— TASK BRIEF —
Output each line of the listing exactly, though pictures are not to appear.

— SUPPLIED INFORMATION —
#####
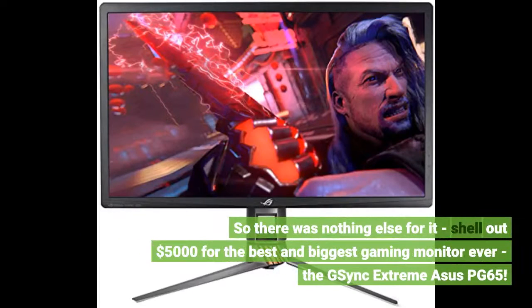So there was nothing else for it — shell out $5,000 for the best and biggest gaming monitor ever: the G-Sync Extreme Asus PG65.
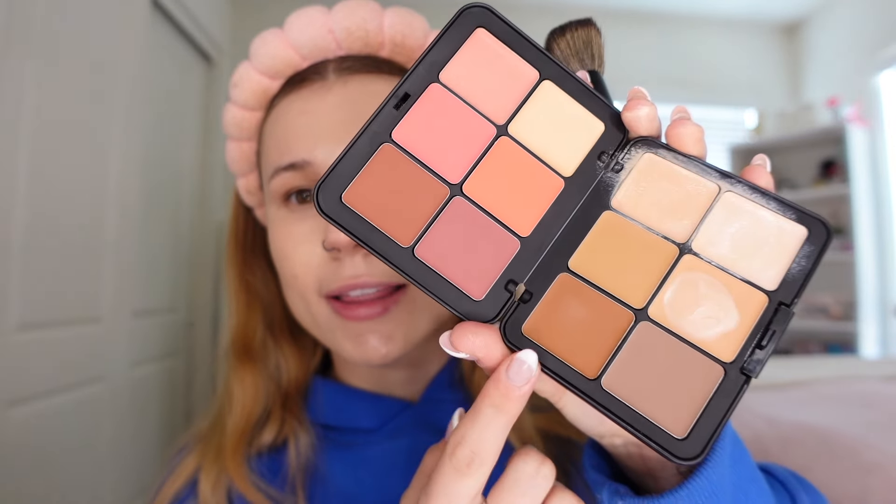I want to go ahead and do bronzer. I think this shade would work really nice — it's like a warm kind of shade. Wait, guys, I really like this. It blends so nicely too. Did you see how nicely that just blended in? I'm also gonna be doing concealer after because my eyes are pretty dark right now, but I'll do the bronzer first. That's actually so pretty. Formula-wise, I think they are all exactly the same, though I almost want to say the bronzer is a little more creamy.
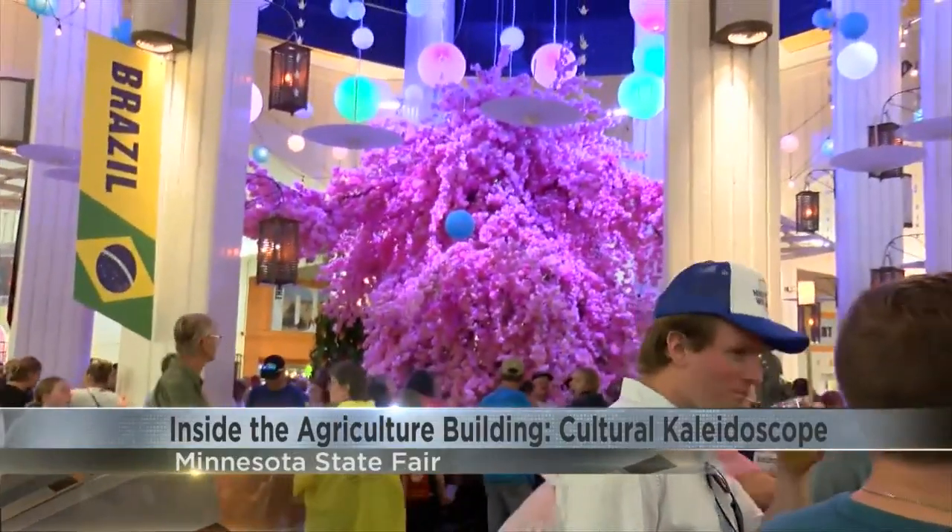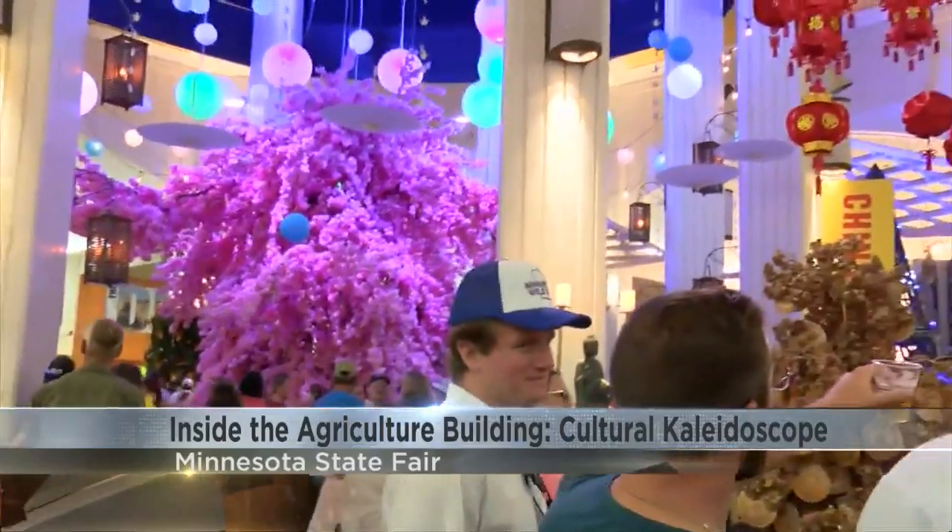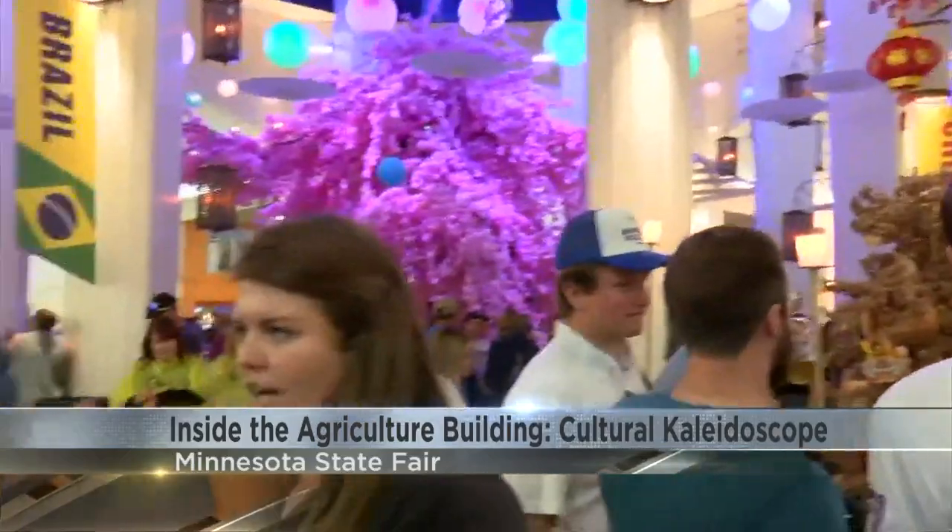This year's theme is a cultural kaleidoscope. And joining us to share just a little bit more about that is the head designer, Corey. So Corey, tell me a little bit about this centerpiece and kind of what it took to create this.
#####
— REPLY TO THE EXERCISE —
So there was nothing else for it — shell out $5,000 for the best and biggest gaming monitor ever: the G-Sync Extreme Asus PG65.
I want to go ahead and do bronzer. I think this shade would work really nice — it's like a warm kind of shade. Wait, guys, I really like this. It blends so nicely too. Did you see how nicely that just blended in? I'm also gonna be doing concealer after because my eyes are pretty dark right now, but I'll do the bronzer first. That's actually so pretty. Formula-wise, I think they are all exactly the same, though I almost want to say the bronzer is a little more creamy.
This year's theme is a cultural kaleidoscope. And joining us to share just a little bit more about that is the head designer, Corey. So Corey, tell me a little bit about this centerpiece and kind of what it took to create this.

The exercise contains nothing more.